#### Try it:
In the entries below, find the line with "Man tests grip" and the line with "Senior photo located", then retype both and everything between them exactly. Do not copy the pictures.

#### Material provided:
BEGIN

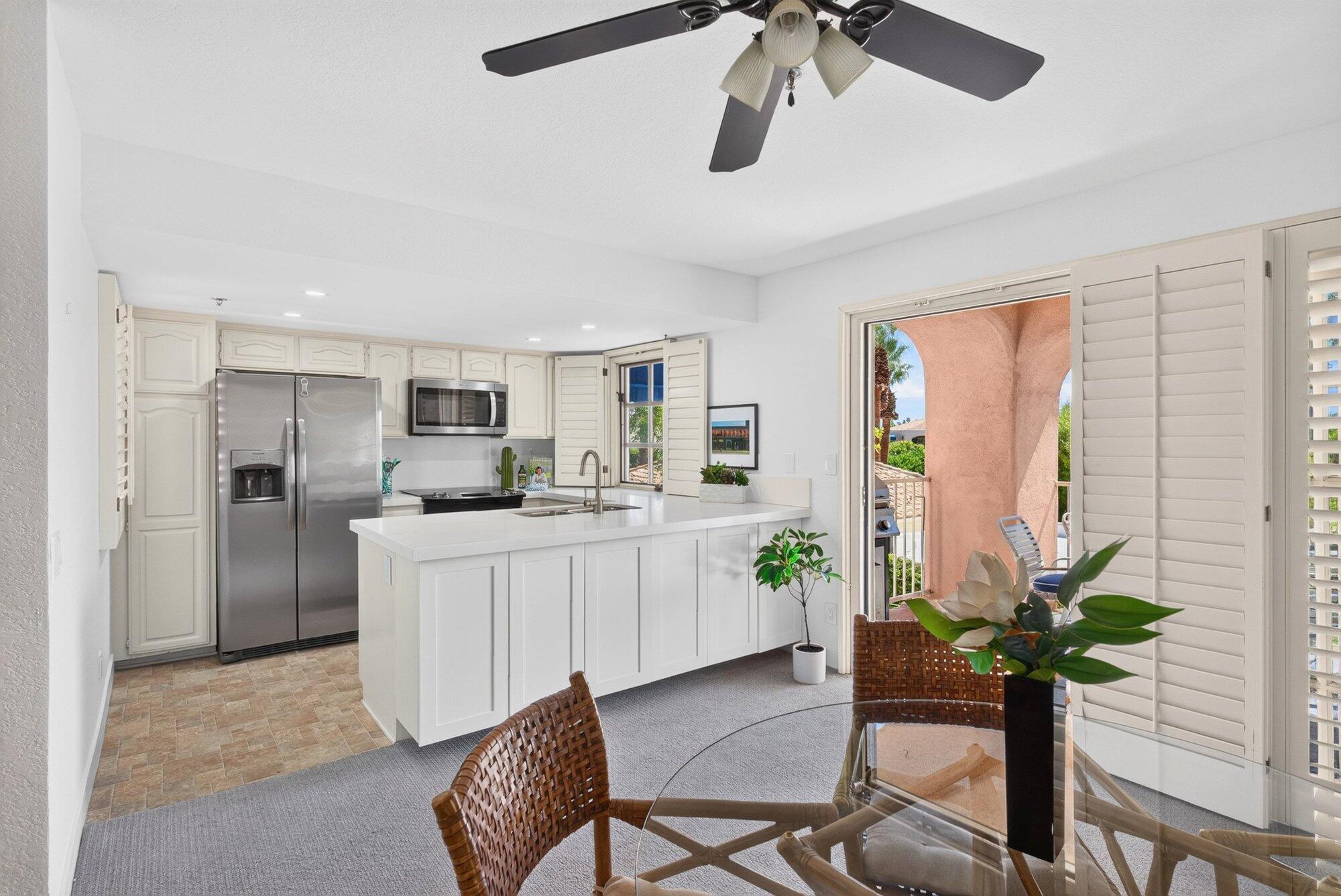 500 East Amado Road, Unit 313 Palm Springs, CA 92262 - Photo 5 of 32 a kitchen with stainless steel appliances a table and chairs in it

END
BEGIN

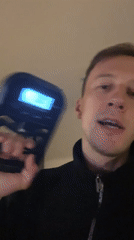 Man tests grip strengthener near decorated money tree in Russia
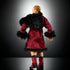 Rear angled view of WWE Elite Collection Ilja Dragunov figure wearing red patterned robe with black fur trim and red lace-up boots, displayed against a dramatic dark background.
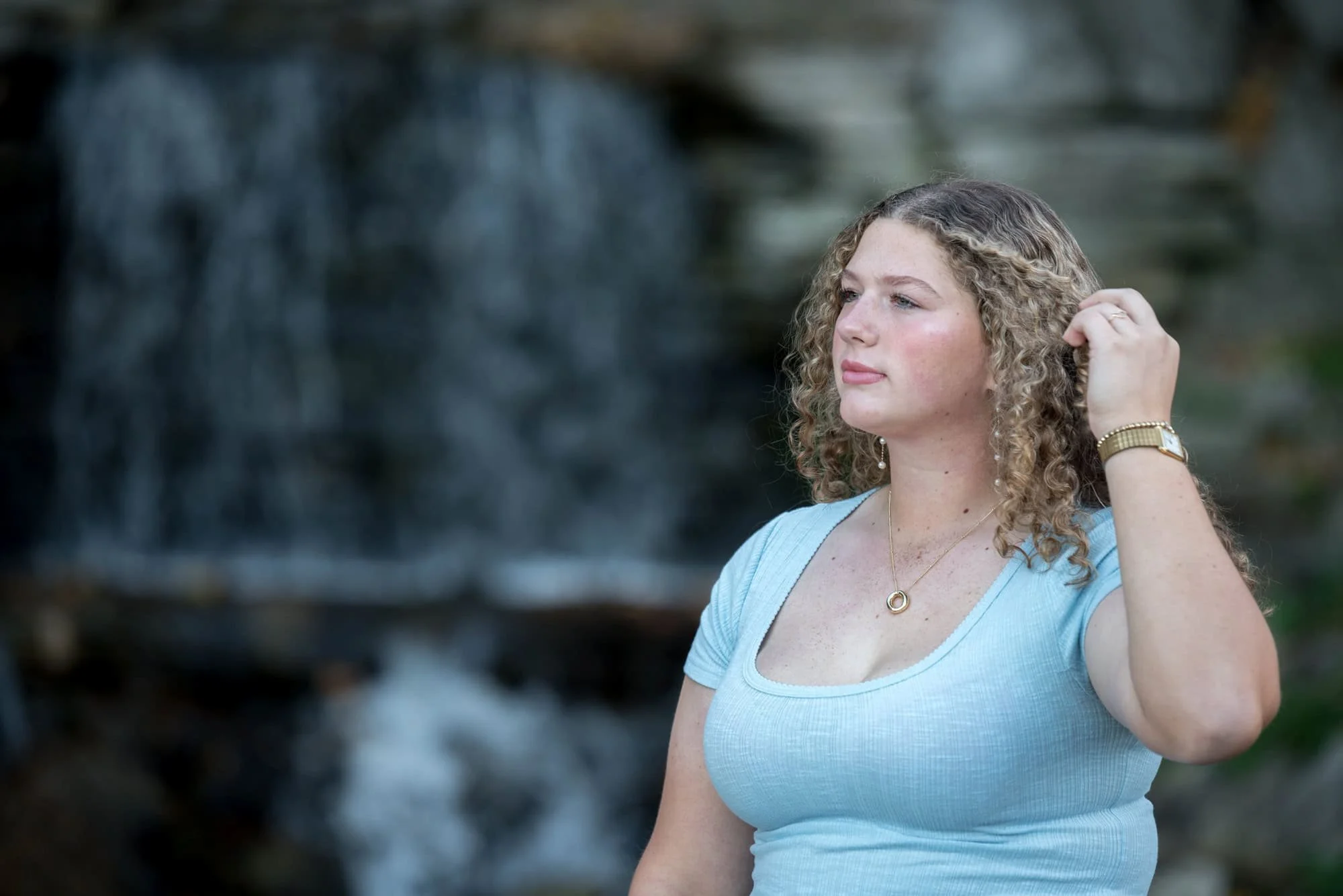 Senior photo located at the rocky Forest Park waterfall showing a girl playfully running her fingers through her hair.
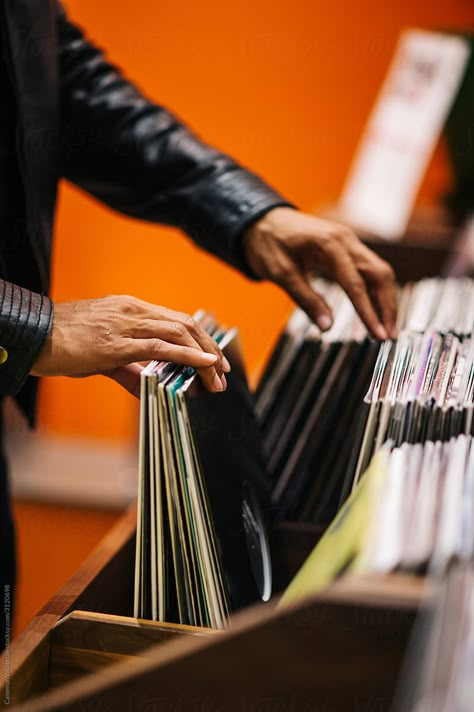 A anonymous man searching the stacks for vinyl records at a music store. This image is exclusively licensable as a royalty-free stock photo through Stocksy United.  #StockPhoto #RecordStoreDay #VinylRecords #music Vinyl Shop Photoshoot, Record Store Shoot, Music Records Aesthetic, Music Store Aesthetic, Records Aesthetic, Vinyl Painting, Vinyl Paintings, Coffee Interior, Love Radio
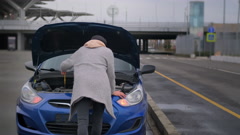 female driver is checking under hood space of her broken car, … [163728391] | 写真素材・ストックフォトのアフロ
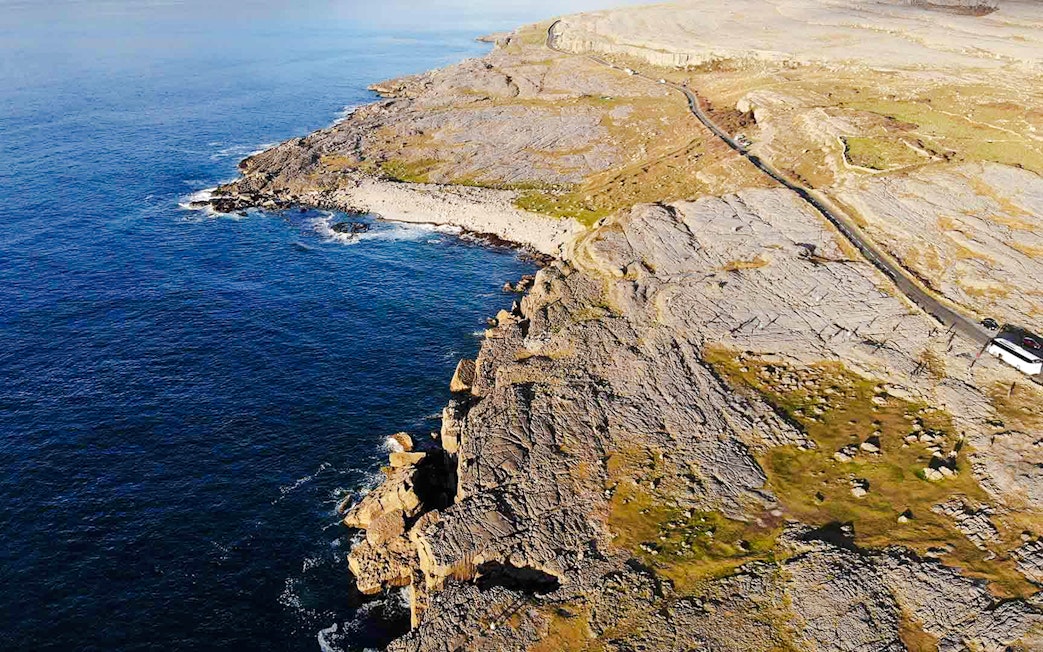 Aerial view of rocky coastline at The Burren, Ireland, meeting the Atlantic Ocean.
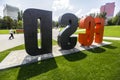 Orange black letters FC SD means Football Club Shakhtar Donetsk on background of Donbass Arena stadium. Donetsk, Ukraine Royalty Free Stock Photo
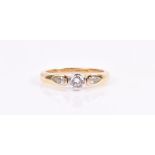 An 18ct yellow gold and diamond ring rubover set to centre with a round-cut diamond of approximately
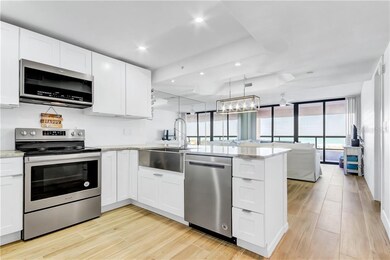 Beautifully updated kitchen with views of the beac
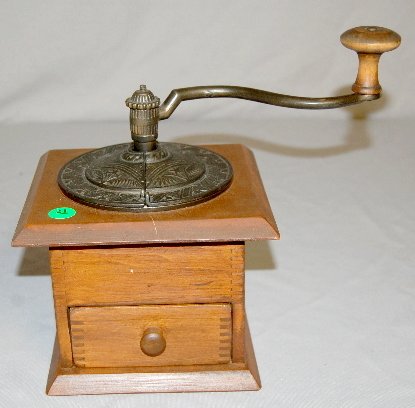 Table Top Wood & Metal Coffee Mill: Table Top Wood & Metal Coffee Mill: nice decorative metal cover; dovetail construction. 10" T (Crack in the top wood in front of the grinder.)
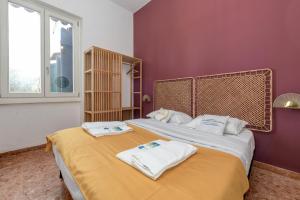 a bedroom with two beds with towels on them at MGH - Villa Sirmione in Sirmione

END
BEGIN

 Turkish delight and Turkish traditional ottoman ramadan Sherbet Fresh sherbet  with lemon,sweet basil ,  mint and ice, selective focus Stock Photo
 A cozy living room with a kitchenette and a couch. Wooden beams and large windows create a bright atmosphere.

END

#### Response below:
 Man tests grip strengthener near decorated money tree in Russia
 Rear angled view of WWE Elite Collection Ilja Dragunov figure wearing red patterned robe with black fur trim and red lace-up boots, displayed against a dramatic dark background.
 Senior photo located at the rocky Forest Park waterfall showing a girl playfully running her fingers through her hair.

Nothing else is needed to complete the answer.